As its name suggests, the main theme of this exhibition is the relationship between text and image. Broodthaers is a poet, at the age of forty he added the visual arts to his poetry, this relationship was of utmost importance. His first exhibition at Galerie St. Laurent in Brussels was a provocative and ironic gesture. The invitation read, "I also asked myself if I could sell something and achieve success. […] An idea of making something insincere came to my mind, and I immediately got down to work." In reality, however, things were more complicated than that.

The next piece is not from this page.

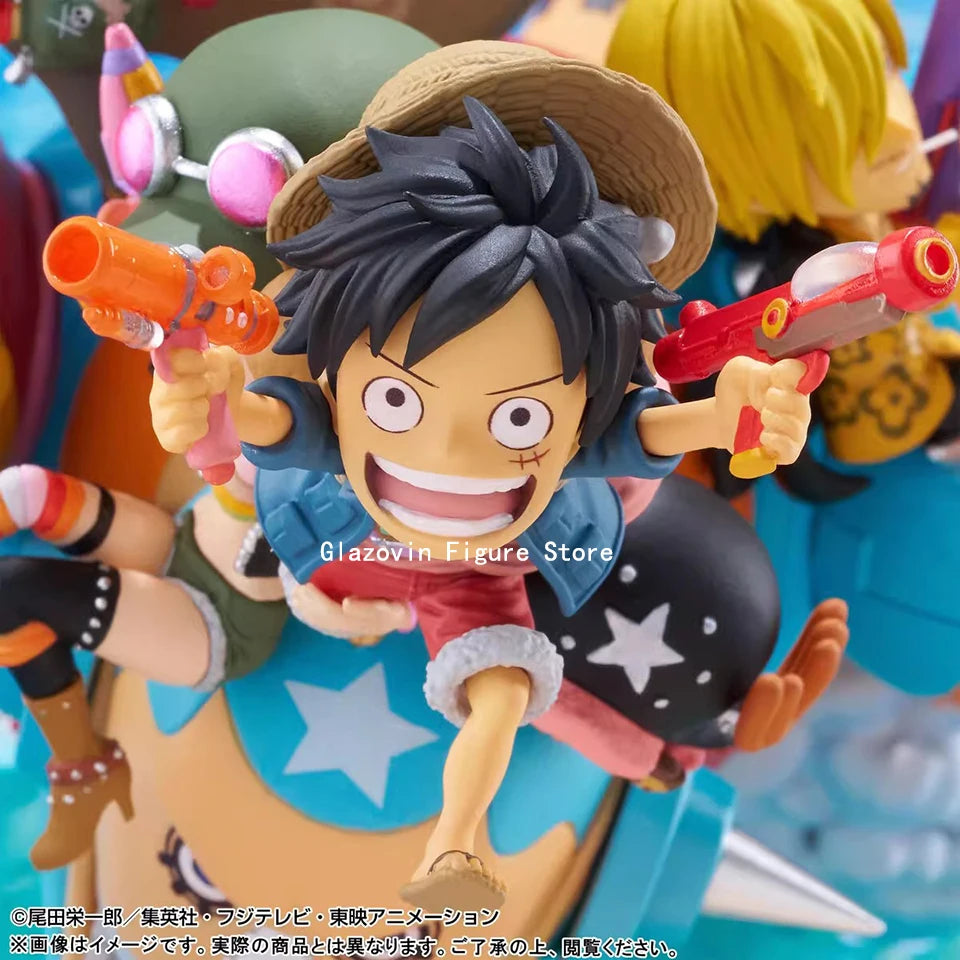 Original Genuine Banpresto One Piece PREMIUM WCF 17cm Luffy Brook Roronoa Zoro Action Figure Model PVC Statue Doll Glazovin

As you enter the Skylight Gallery, you will see a row of panels featuring black rectangles to your left. This 1969 work is named after a famous poem by the French symbolist poet Stéphane Mallarmé, Un coup de dés jamais n'abolira le hasard (A throw of the dice will never abolish chance). Why was Mallarmé so important to Broodthaers? And why the Throw of the Dice in particular? This poem, written in 1897 and only published in 1914, consists of twenty pages of free verse presented in a very unusual way: words in different fonts are separated by randomly long spaces and caesurae, lines are not aligned and distance between them varies. The words of a poet acquire a clear and distinct visual form. Broodthaers saw it as example of poetry entering the physical space and becoming part of the visible and tangible reality. This important idea had a huge influence on him and is key to understanding many of his works. The blackout rectangles that obscure the words of Mallarmé and create an elegant black-and-white pattern are a logical development of the French poet’s gesture. Text is fully assimilated by the physical space and becomes a visual work like any other.